Hib is a leading cause of invasive bacterial infections in infants. Multidrug-resistant H. influenzae is common and requires amoxicillin-clavulanate, ceftriaxone or azithromycin as empirical therapy with specific recommendation for use of ceftriaxone for treatment of meningitis particularly MDR cases. New fluoroquinolines has potential utility.
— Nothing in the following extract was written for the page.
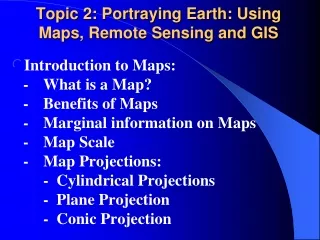 Topic 2: Portraying Earth: Using Maps, Remote Sensing and GIS
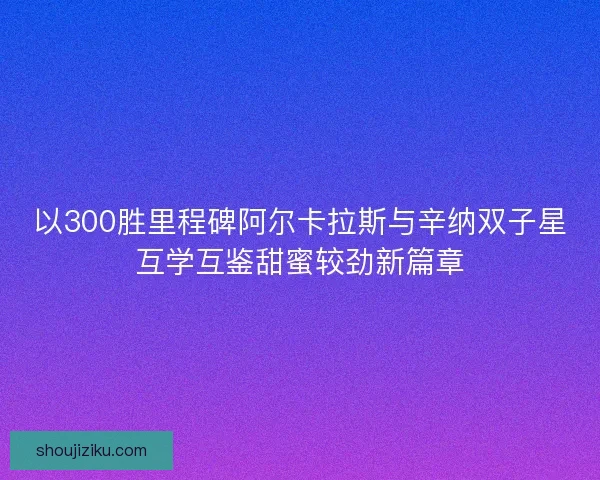 以300胜里程碑阿尔卡拉斯与辛纳双子星互学互鉴甜蜜较劲新篇章 以300胜里程碑阿尔卡拉斯与辛纳双子星互学互鉴甜蜜较劲新篇章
An effective national Hib vaccination programme is essential in Bangladesh although non-Hib infections will remain an issue.

摘要

目的

前瞻性研究儿童侵袭性感染中流感嗜血杆菌分离株的流行病学及抗生素耐药性。

方法

纳入孟加拉国达卡三家医院的<5岁肺炎、脑膜炎和败血症患儿(1999 - 2003年);收集临床和实验室数据以及血培养样本。对脑膜炎病例的脑脊液(CSF)进行分析(革兰氏染色、培养及生化检测)。对培养阴性的化脓性脑脊液采用乳胶凝集试验(LA)检测b型流感嗜血杆菌(Hib)抗原,对培养及LA均阴性的化脓性脑脊液进行bexA基因的聚合酶链反应(PCR)检测。采用E试验测定抗生素敏感性,用硝基头孢菌素试纸条检测β - 内酰胺酶。

结果

共检测到73例流感嗜血杆菌感染(293例脑膜炎病例中的46例,1493例肺炎病例中的25例,48例败血症病例中的2例);其中分别有63%、34%和3%的病例患有脑膜炎、肺炎和败血症。b型流感嗜血杆菌(Hib)导致80.8%的病例感染(脑膜炎占60.3%,肺炎占20.5%)。大多数(86%)感染集中在4 - 12个月的婴儿。肺炎的病死率为8%,而脑膜炎为19%。肺炎和脑膜炎患儿分离出的流感嗜血杆菌对抗生素的耐药性相当(分别为46%和43%)。在检测的10种药物中,分离株对氨苄西林耐药率为31%,对氯霉素耐药率为42%,对甲氧苄啶 - 磺胺甲恶唑耐药率为44%,对阿奇霉素耐药率为1.4%。多重耐药(MDR)菌株在Hib(31%)和非b型(29%)分离株中同样普遍,在肺炎(31%)和脑膜炎(34%)病例中也同样普遍。无一例对阿莫西林 - 克拉维酸、头孢曲松、环丙沙星、左氧氟沙星、莫西沙星和加替沙星耐药。在所有流感嗜血杆菌感染中,肺炎、脑膜炎和败血症病例分别有40%、4.4%和100%由其他血清型或不可分型菌株引起。所有耐氨苄西林菌株均产生β - 内酰胺酶,未检测到β - 内酰胺酶阴性的耐氨苄西林(BLNAR)菌株。

结论

Hib是婴儿侵袭性细菌感染的主要原因。多重耐药的流感嗜血杆菌很常见,经验性治疗需要使用阿莫西林 - 克拉维酸、头孢曲松或阿奇霉素,特别推荐使用头孢曲松治疗脑膜炎,尤其是多重耐药病例。新型氟喹诺酮类药物具有潜在应用价值。在孟加拉国,有效的全国性Hib疫苗接种计划至关重要,尽管非Hib感染仍将是一个问题。